Crawled caption data:
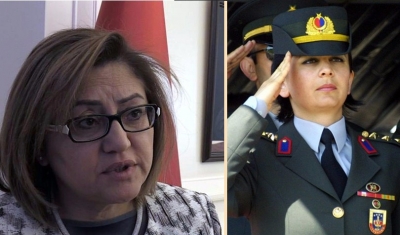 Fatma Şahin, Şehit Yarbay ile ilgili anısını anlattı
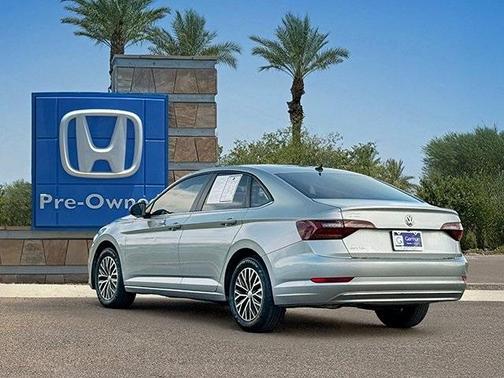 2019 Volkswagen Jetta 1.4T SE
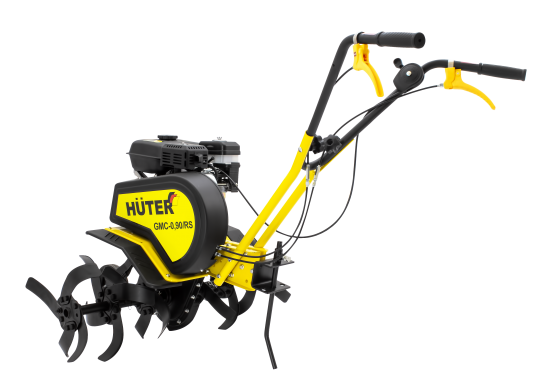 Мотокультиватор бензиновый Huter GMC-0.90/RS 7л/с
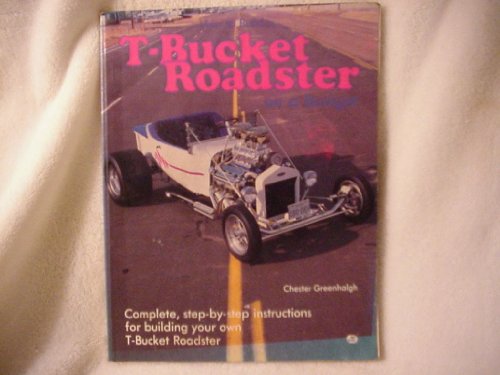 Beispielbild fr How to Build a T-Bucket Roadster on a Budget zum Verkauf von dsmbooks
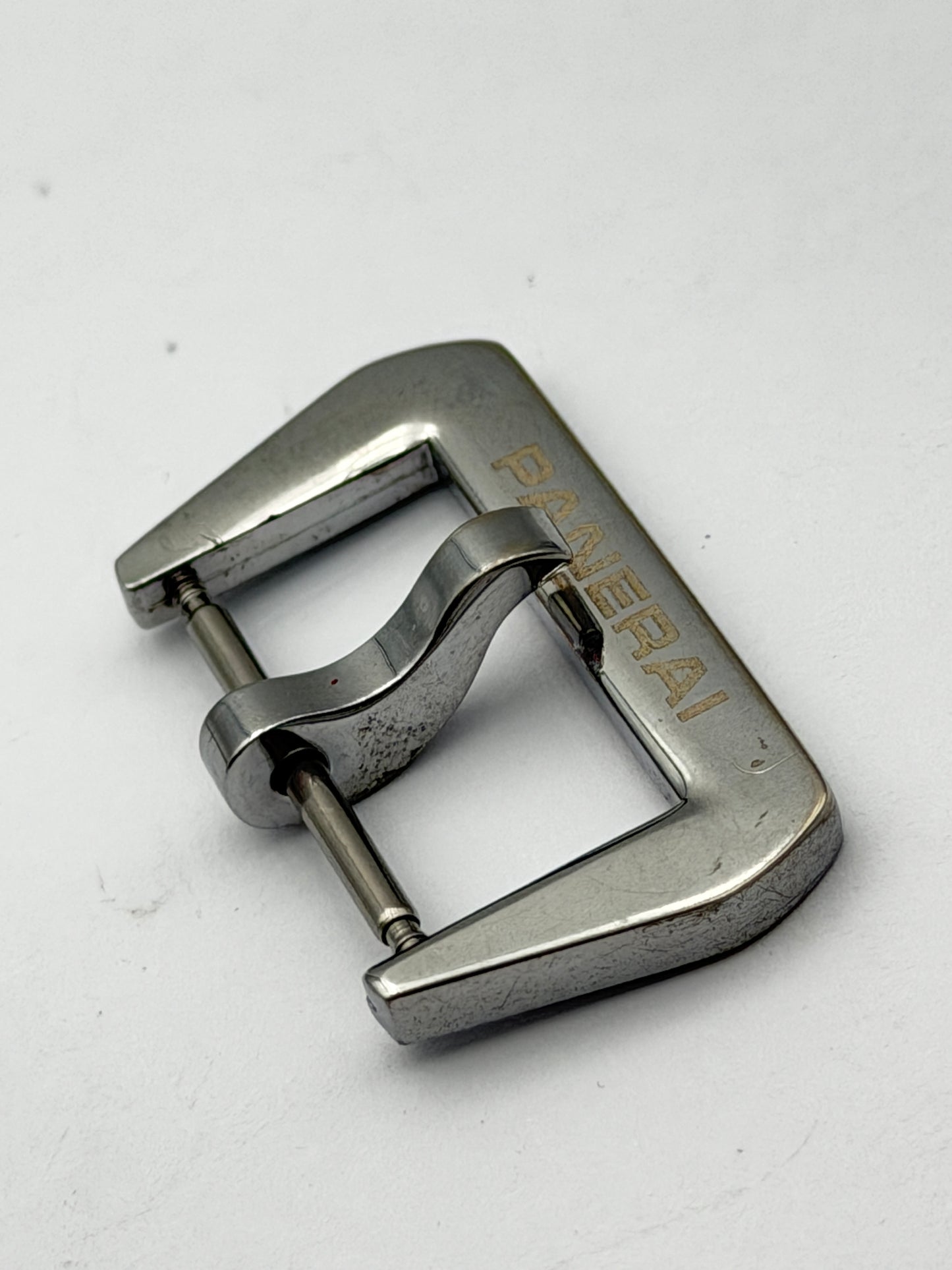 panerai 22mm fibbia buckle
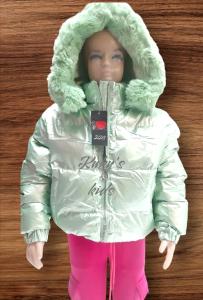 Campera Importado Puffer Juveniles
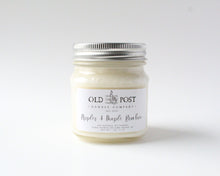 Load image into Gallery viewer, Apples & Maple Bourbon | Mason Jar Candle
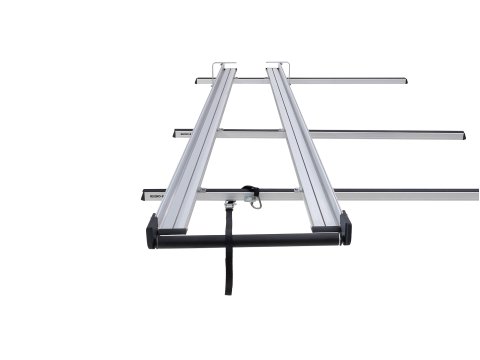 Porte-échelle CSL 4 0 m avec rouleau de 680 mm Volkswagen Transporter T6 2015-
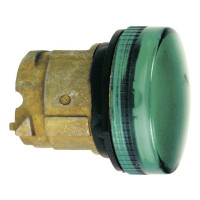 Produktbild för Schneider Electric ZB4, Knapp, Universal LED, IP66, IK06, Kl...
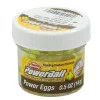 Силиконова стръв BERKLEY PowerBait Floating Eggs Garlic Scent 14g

Exercise goal: "Load image into" marks the last line to keep. Retype every line from the start of the entries through that one, exactly, and drop the pictures.

Your response:
 Fatma Şahin, Şehit Yarbay ile ilgili anısını anlattı
 2019 Volkswagen Jetta 1.4T SE
 Мотокультиватор бензиновый Huter GMC-0.90/RS 7л/с
 Beispielbild fr How to Build a T-Bucket Roadster on a Budget zum Verkauf von dsmbooks
 panerai 22mm fibbia buckle
 Campera Importado Puffer Juveniles
 Load image into Gallery viewer, Apples & Maple Bourbon | Mason Jar Candle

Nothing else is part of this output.